POLAND: Local authorities in Silesia are co-operating in a 556m zloty project to modernise the region’s extensive tram network with the aid of EU funding. The cities are linked by a 350 km tram network, but the infrastructure needs modernisation and most of the 346 trams are aging 105Na cars, some 30 or more years old.

The plans include modernisation of 60 km of track for 328m zloty, upgrading 85 trams with new traction equipment and buying 30 new and modernised partially low-floor trams for 228m zloty.

The EU requires the cities to meet half the cost of modernisation from their own sources. The voivodship has allocated 28m zloty of unspent funds for the project, and funding agreements have been signed by the cities of Katowice (68·5m), Sosnowiec (37m), Chorzow (25·5m), Bytom (16m), Zabrze (16m) and Ruda Slaska (8·5m).

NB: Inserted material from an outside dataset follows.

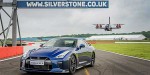 Nissan GT-R 2017 contra su hermano mellizo, ¡el GT-R Drone!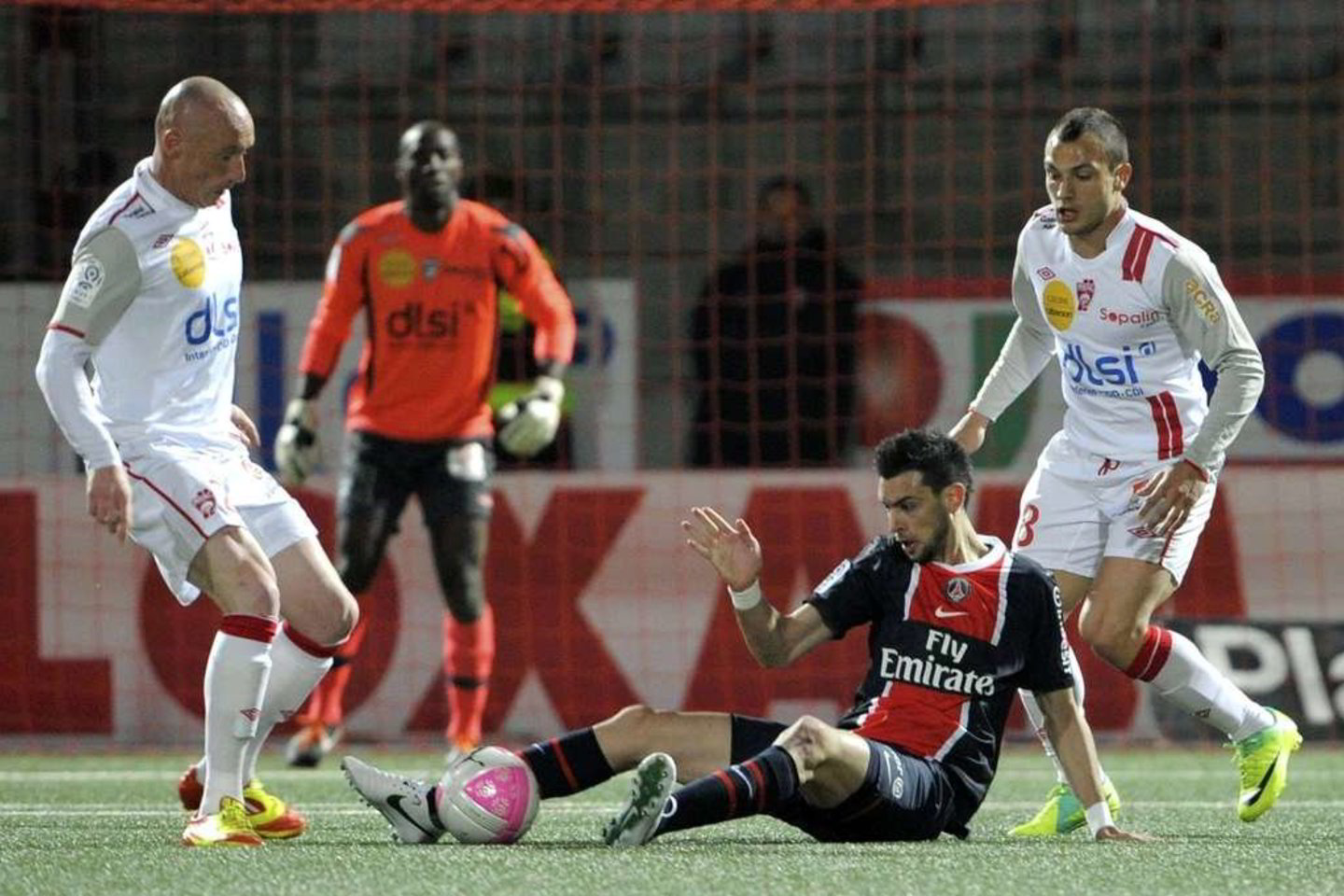 „Paris St Germain“ futbolininkai XXX turo rungtynes šeštadienį svečiuose 1:2 (0:1) pralaimėjo į vienuoliktąją poziciją pakilusiai „AS Nancy“ (36 tšk.) vienuolikei.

Myslowice has already upgraded the tracks in its area, while Siemianowice Slaskie is not participating in protest at the recent closure of Line 12. Bedzin, Gliwice, Czeladz and Dabrowa Gornicza have decided not to participate. The President of Bedzin does not see a future for the city’s trams, and services have been severely curtailed, although the presence of a depot prevents complete closure. Gliwice is planning to close 8 km of lines 1 and 4 this summer, with services from Zabrze ending at the boundary.

  • The first of 46 ex-Dortmund N8C trams being rebuilt as Beta MF01 cars by Modertrans has re-entered service in Gdansk. The high-floor centre section has been replaced by a low-floor one, and the car ends rebuilt to give a modern appearance and better collision protection. The interior has new seats, CCTV and GPS-based passenger information.